It's not the joys of empire — and hasn't been for generations
Time tends to distort in our minds, so that we take on board the collective memory of older generations and assume it happened to us, too. This perhaps explains why there are so many books aimed at countering the history we were supposedly taught at school or were raised to believe, all of them actually aimed at the history our grandparents were taught.
The authors are all around my age or younger, and when I was at secondary school in the 1990s it’s safe to say none of my teachers were members of the Empire Loyalist movement. We didn’t have a map of the world painted pink; we were never taught Our Island Story. The idolisation of Empire did once exist, but it’s been gone for generations. English, Felton and Hirsch are arguing against a ghost.
The very reason their books are so popular is because the average book-buying member of the public has been largely raised in a milieu that agrees with them.
The West’s cultural revolution is more than five decades old now; it would be like a book being published in the Soviet Union in 1970 countering all those tsarist myths you were taught at school. 52 Times Imperial Russia was a Bell End.
France v Germany in 1914 was something akin to a battle between civilisation and barbarism. No one in Britain cheered the arrival of war and no one said “it would be over by Christmas”, while lots of generals died rather than sitting back at HQ with Capt Darling.
The second myth is that the industrial revolution was wholly negative (certainly the impression that I was given at school). The focus was on the first half of the 19th century, when living standards remained static and conditions in industrial cities were very grim; life expectancy fell to the teens for some social classes in industrial England.
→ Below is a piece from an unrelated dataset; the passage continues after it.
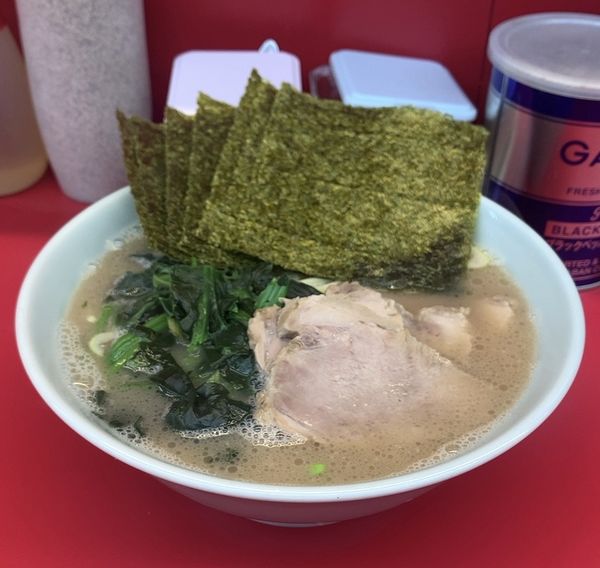 「チャーシューメン 海苔」@横浜ラーメン武蔵家 薬園台店の写真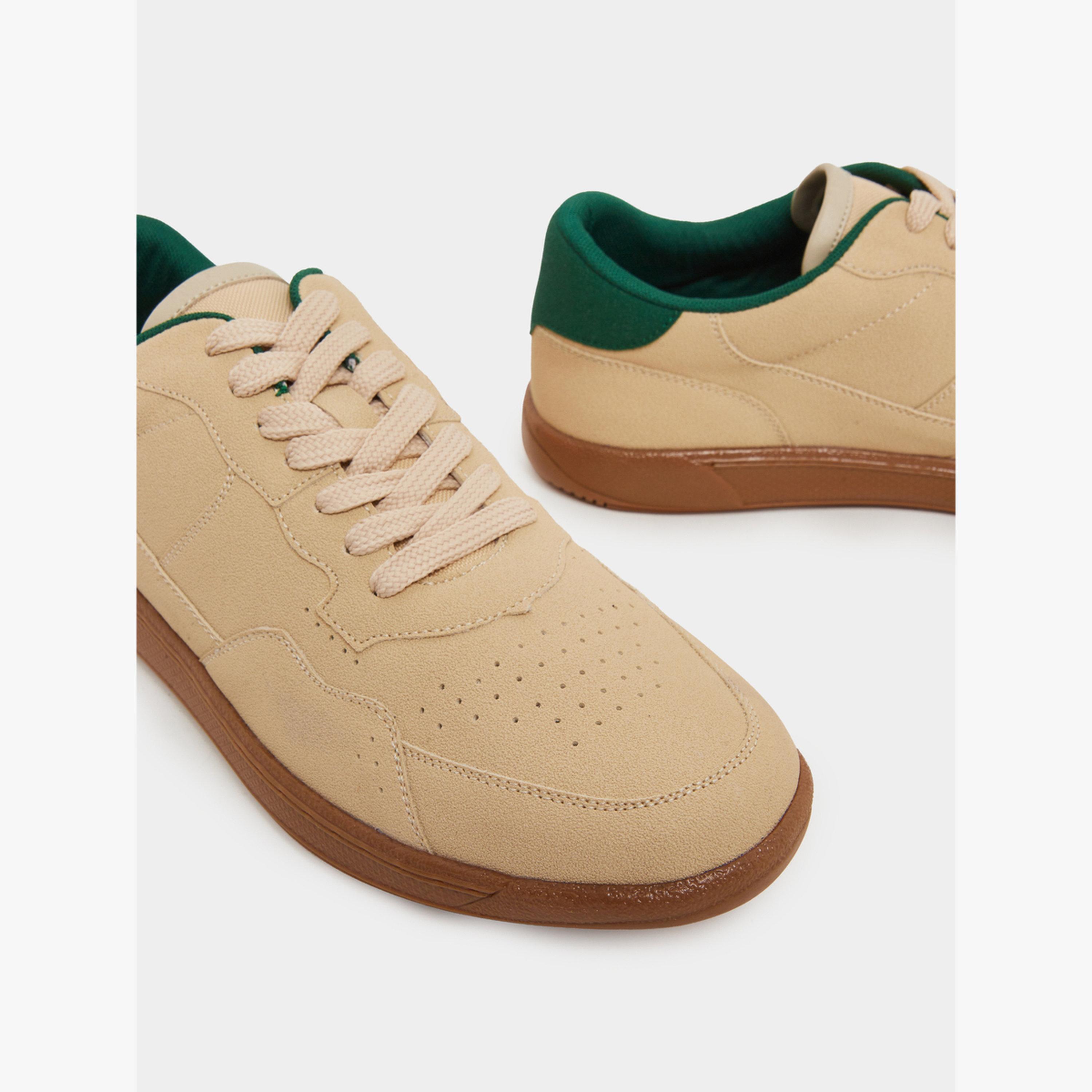 حذاء سنيكرز بمظهر شمواه-men-shoes-sneakers-image-4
Much of this stems from Engels, who was writing in the 1840s and whose work went onto influence Arnold Toynbee in the early 20th century when the Victorians became unpopular. Yet life certainly wasn’t idyllic for the agricultural forefathers of these workers either. From around 1850 living standards rapidly shot up, and even working-class Britons in, say, the 1880s were immeasurably better off than any of their predecessors in history. The industrial revolution was great!
Between the Norman Conquest and the Second World War Britain had very little immigration, with only two significant waves from outside the UK, the Huguenots and Russian Jews – and there would have been vanishingly little racial diversity outside of ports.
National myths say more about prejudices of their own age than about the history they claim to represent. It’s therefore the myths we still believe that we should pay the most attention to.